Data section:
════
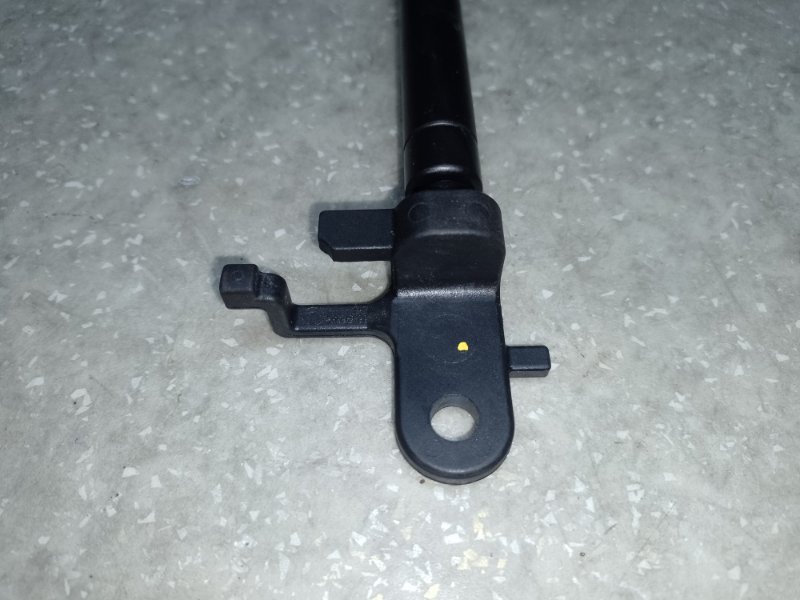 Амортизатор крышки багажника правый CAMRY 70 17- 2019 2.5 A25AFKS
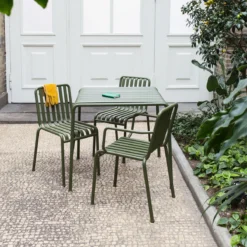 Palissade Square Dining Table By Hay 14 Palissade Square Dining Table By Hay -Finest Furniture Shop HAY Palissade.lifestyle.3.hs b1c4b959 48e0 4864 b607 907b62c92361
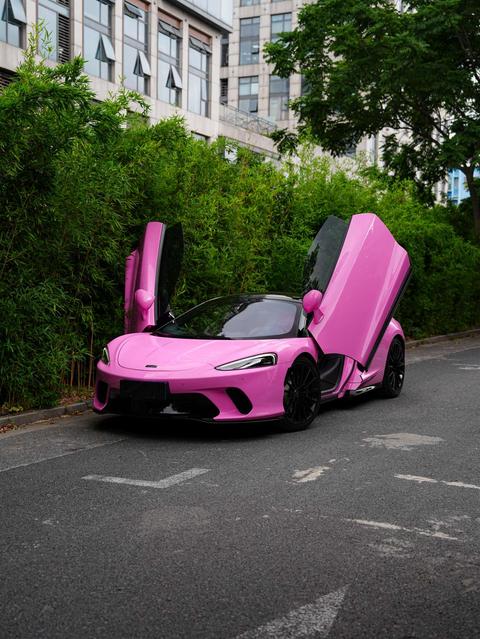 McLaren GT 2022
════
The task: The output is to be the material in full and unaltered, with pictures omitted.

Result for this task:
 Амортизатор крышки багажника правый CAMRY 70 17- 2019 2.5 A25AFKS
 Palissade Square Dining Table By Hay 14 Palissade Square Dining Table By Hay -Finest Furniture Shop HAY Palissade.lifestyle.3.hs b1c4b959 48e0 4864 b607 907b62c92361
 McLaren GT 2022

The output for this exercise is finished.